Writing this one retroactively. The shift already happened. The question just took a while to name.
It started as a quiet dread.
Was all the knowledge I accumulated worthless? AFL++ . libFuzzer . proptest . fast-check . Echidna . Rendezvous . Clarity stateful PBT . Schemathesis . And the rest of the rig. The advanced testing techniques I’d spent years sharpening, or even exploring - did they have a shelf life now that agents could read code faster than I could open a file?
What happens to security research when the world goes agentic?
I didn’t answer that question for a while. I just kept working.
A lot of what’s in my handbook is already well-known worldwide. So here’s where I landed, plainly:
AI is not taking over. AI is the binder. The thing that takes every piece of knowledge I’ve already built up - fuzzing rigs, invariant patterns, the muscle memory from chasing real bugs - and stitches it into something I can scale.
Nothing I learned was wasted.

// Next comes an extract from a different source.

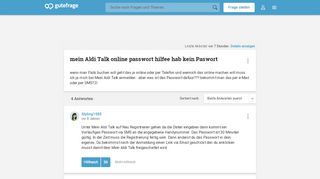 
                            5. mein Aldi Talk online passwort hilfee hab kein Paswort (Aldi-Talk ...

Quite the opposite. The deeper the prior knowledge, the sharper the agent that wraps around it.
Back in January, I was back at the Stacks Foundation. I’d automated the internal fuzzers we were running - the rigs were green, the pipelines clean. Saturated.
Around the same time, the AI slop started flowing in from ImmuneFi. Reports that read fluent and meant nothing. All of them discarded.

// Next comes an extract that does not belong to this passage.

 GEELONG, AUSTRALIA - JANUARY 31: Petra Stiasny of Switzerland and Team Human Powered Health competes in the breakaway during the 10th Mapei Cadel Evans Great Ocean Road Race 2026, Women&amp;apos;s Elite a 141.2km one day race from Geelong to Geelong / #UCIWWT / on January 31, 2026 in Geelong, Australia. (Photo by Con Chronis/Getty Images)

But the signal was obvious: it’s a matter of time. Garbage today, real findings tomorrow. I needed to get ahead of the trend, not get buried by it. Lucky for me, Jesse Wiley backed the bet early and made the runway possible.
Meanwhile, the hype around Claude Code was climbing fast. People were vibing prototypes into existence. Pretty demos.
But security research as a reverse-engineering discipline? Not there yet. Far too few had pointed these agents at a real codebase and gotten a real bug back.
So I asked the dumb question: what if?
What if I wrote a basic AGENTS.md that searched for vulnerabilities?
The first version was bad. False positives everywhere. The agent would flag a constant-time comparison as a timing side-channel and then, on the next file, miss the kind of bug that actually matters - a malformed dust transaction that crashes every node in a DLT and turns a 0.0001-something fee into a reboot-persistent, network-wide outage - the kind that doesn’t lift until a new release ships.
I kept going.
Around March, Simone Orsi joined this effort.
I brought the security background - years of fuzzing, stateful invariants, the muscle memory of chasing bugs that don’t want to be found. He brought a terrifying passion for AI and automation. The kind that doesn’t sleep.
Those two things, pointed at the same target, compounded.
The false-positive rate dropped. The agents stopped flailing and started finding. The handbook stopped being mine and started being ours - which, it turns out, is the only way this actually scales.
The same loop, refined for six months, now carries real weight on the protocol I’m paid to secure:
Caught early. Before they could ship anywhere they shouldn’t.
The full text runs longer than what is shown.